“Simurg’un peşinde yola çıkan kuşlar gibi, biz de kendi hakikatimizin yolcusuyuz.”
Türk eczacılığı, yıllar içinde birçok vadiden geçti; her biri bir sınav, her biri bir arayış… Bugün geldiğimiz noktada dijital platformların kuşattığı, ticari baskıların arttığı bir düzlemde yeniden soruyoruz:
“Biz kimiz?”
“Gerçek gücümüz neydi, onu nasıl kaybettik?”
Bu yazı, bin yıl önce yazılmış bir mesnevinin ışığında, bugünün eczacılarına yöneltilmiş bir çağrıdır. Ferîdüddîn Attâr’ın Mantıku’t-Tayr adlı eserinde kuşlar Simurg’u, yani hakikati aramak için yola çıkar. Biz eczacılar da kendi Simurg’umuzu, yani mesleki kimliğimizi ve onurumuzu arıyoruz.
1. Talep Vadisi
“Ne istediğini bilmeyen, başkalarının istediğine razı olur.”
Eczacı bugün ne istiyor?
Fatura mı kessin, danışman mı olsun, influencer’la mı yarışsın, kronik hastayı mı yönetsin?
Kararsızlık yorar, belirsizlik bitirir.
Simurg’a giden yolun ilk durağı nettir:
“Ne istiyorum?”
Cevabın ‘daha fazla kazanç’ olması ayıp değil, ama eksik.
Bu mesleğin gerçek gücü, niyette gizlidir.
Yarım kalan niyet, yarım kalan meslek bırakır geride.
Mesleğin hak ettiği yere gelmesi için önce bu talep içten ve tutkulu olmalı. Yarım yamalak isteklerle büyük dönüşüm olmaz.
2. Aşk Vadisi
“Sevmeden bu meslek yapılmaz… ama çok seven de yanıyor!”
Eczacılık sadece banko arkasında geçirilen mesai değildir.
Bu iş biraz inat, biraz delilik, bolca gönül işidir.

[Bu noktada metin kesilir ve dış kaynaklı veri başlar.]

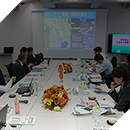 中国北京市水務局水利企画設計研究院との技術交流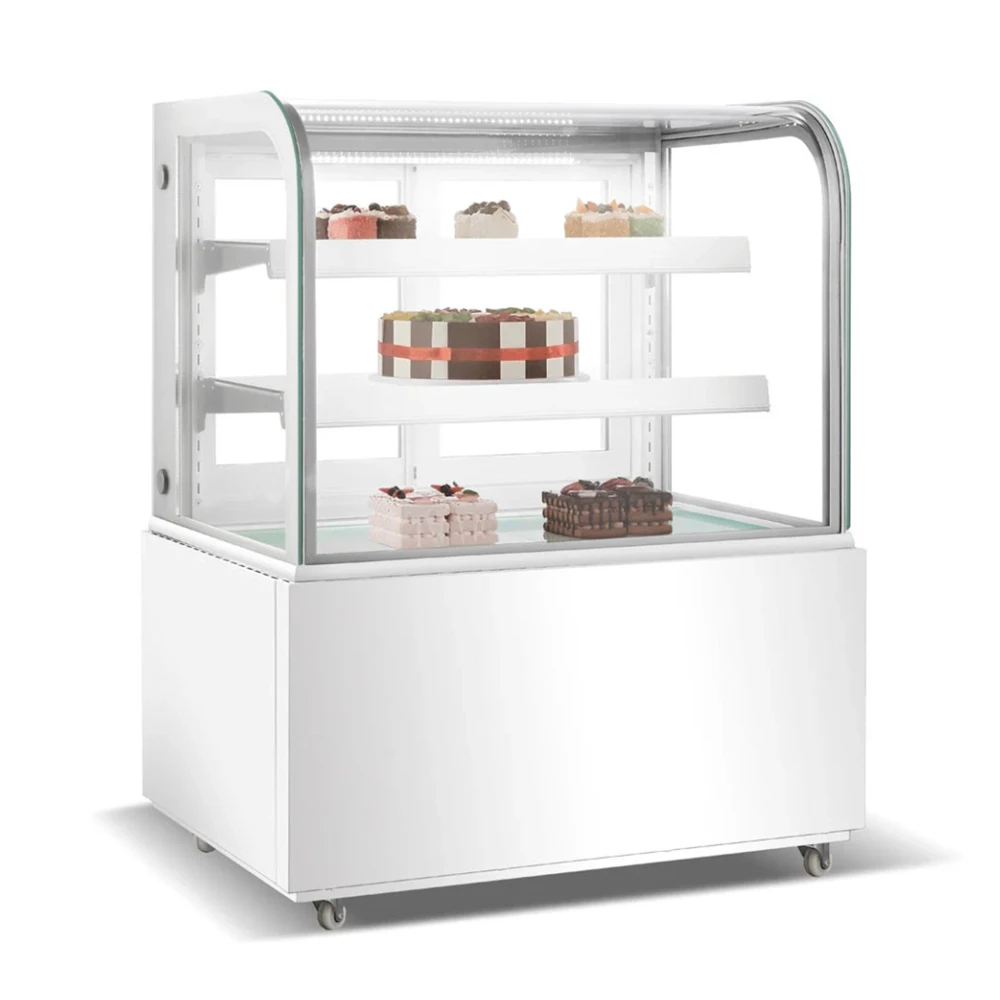 ProKitchen Series 36" Refrigerated Bakery Display Case, LED Lighting, 2 Shelves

Nöbette uyumazsın, reçeteye değil, hastanın gözünün içine bakarsın.
Ama bu aşk da yorar.
Aşk Vadisi, yeniden hatırlama vadisidir.
Neden başladığını…
Kimin için sürdürdüğünü…
Ve her şeye rağmen neden bırakmadığını…
Bu vadide “nöbetten yoruldum”, “hasta anlamıyor”, “sistem yıprattı” gibi sözler geride bırakılır. Aşkla yapılan hizmet, halkın kalbine işler.
3. Marifet Vadisi
“Marifet iltifata tabidir… ama bizde iltifat, hastadan gelir.”
Bilgi değişir, eczacı değişmezse silinir.

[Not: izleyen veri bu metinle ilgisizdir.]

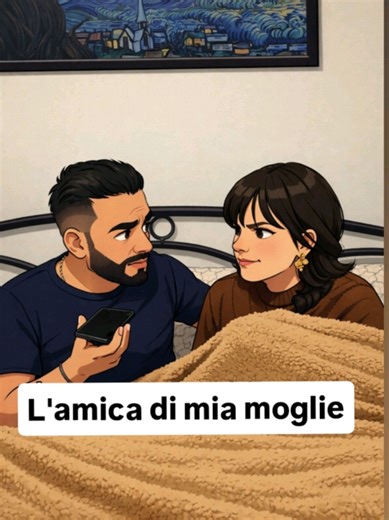 Quando scopri che tuo marito ti fa le corna. La migliore amica. Regia, soggetto e sceneggiatura di Massimo Cerbone ATTENZIONE – CONTENUTO SIMULATO Il video rappresenta una ricostruzione parodistica recitata dagli attori: Massimo Cerbone (marito), Kekka Barese (amica della moglie e amante) e Anna Castro (la voce della moglie al telefono). La scena è di fantasia, autoironica, non è basata su eventi reali. Ogni riferimento a persone, cose o fatti realmente accaduti è da ritenersi puramente casuale.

Google’dan hızlı olamayan, Instagram’dan güvenilir olmayan eczacı kaybolur.
Artık sadece ilacı değil, bilgiyi de danışan soruyor.

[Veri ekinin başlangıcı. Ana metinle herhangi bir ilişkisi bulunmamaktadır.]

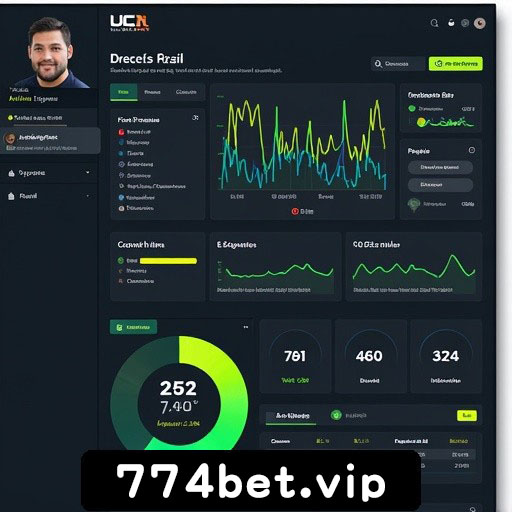 Tela do App 774bet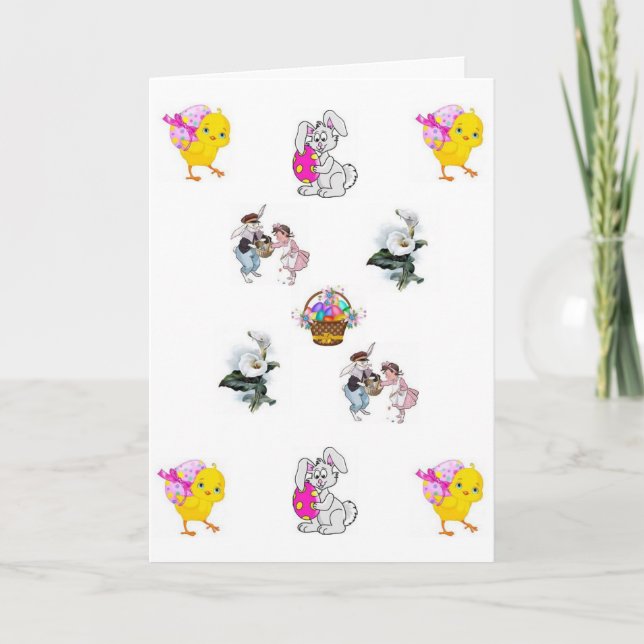 Easter Greeting Card (Front)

Marifet, sadece diploma değil; sürekli yenilenmektir.
Fitoterapi, kişisel bakım, diyabet yönetimi…
Ürüne değil, danışana yatırım yapan kazanır.
Bilgiyi güncelleyen, mesleği günceller.
Eczacı sadece ilaç veren değil, danışanının sağlık rehberi olmalıdır. Bitkisel ilaçtan kişisel bakıma, kronik hastalık yönetiminden koruyucu sağlığa kadar marifetini arttırmayan eczacı, zamanla silinir.
4. Kanaat Vadisi
“Kısa yoldan kazanmak isteyen, uzun yoldan kaybeder.”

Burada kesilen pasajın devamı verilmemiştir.